How-To: Make a Travel Love Shrine

Craft & Design Paper Crafts

Crafty Chica Challeng: Love Shrine
CRAFT is celebrating love, glitter, and craftiness with the Crafty Chica Love Shrine Challenge. Preserve your memories and tell your love story by building a shrine that creatively reflects your personality and expresses your hopes and dreams.
I’ve been going crazy making these shrines! They are such great ways for me to use my ephemera and this project in particular includes some great memories. I heart NY, and my Travel Love Shrine is a like a three dimensional scrapbook of my time in the city.
How-To: Make a Love Shrine
How-To: Make a Wedding Love Shrine
How-To: Make a Woodland Love Shrine
For even more inspiration, check out the amazing entries in the Crafty Chica Challenge flickr pool. Once you make your own, please add it in, with a short description of your process. There are some great prizes, but if you make a shrine, you’ve automatically got the best prize there is!


Paper ephemera
including magazines, photographs, cards
including figurines, tiles, beads, flowers, glitter
Glue stick
Hot glue gun


Step 1: Gather your materials and choose a box that will accommodate them. Find a container that is sturdy, and that has a bit of depth to it. I used a sweet Onitsuka Tiger shoe box that I’ve been saving for something special.
Step 2: Add collage elements to the box. I started with a shiny plastic mailer that reminds me of a chain link fence and a disco ball at the same time. I covered the lid of the box with a subway map. Then I added a postcard of the Brooklyn Bridge. The bridge image became the centerpiece of my shrine. But instead of gluing it in right away, I decided to incorporate it in step 3.
Step 3: Create dimension with embellishments. I wanted to replicate the suspension aspect of the bridge with some picture hanging wire. I punched a hole in the postcard, and threaded wire through the top.
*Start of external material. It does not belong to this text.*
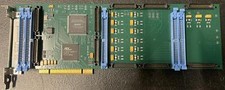 Acromag, Inc. APC8620A Non-intelligent PCI Bus Carrier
Then I wrapped the end around two large bolts from my junk drawer. It was at this point that I glued the postcard in, and set the bolts in the front of the box. I love this effect.
Step 4: Make your paper elements pop. I love the way the words New York look in this postcard, and wanted them to literally jump out. I cut two pieces of sturdy but lightweight cardstock. To use them for dimension, I folded the edges, glued the words to one end, and then used the other to attach them to the box.
Step 5: The words New York were not the only interesting part of the postcard. So I added the bridge to the corner of the box, then created my own skyscape with a cut out Empire State Building, a light bulb, and a film canister.
Step 6:To complete the piece, I found a chain and hung my metro card and a hotel key that accidentally ended up in my pocket. They dangle from a hole that was already punched in the box. I filled in the blanks of my box with personal notes from my trip, and a ticket from my trip to the New Mueseum. Adding photos to the blank spots in the background is usually something I do first, but this time I was working backward, I guess. I then attached more chain and colorful beads to the lid for a final touch.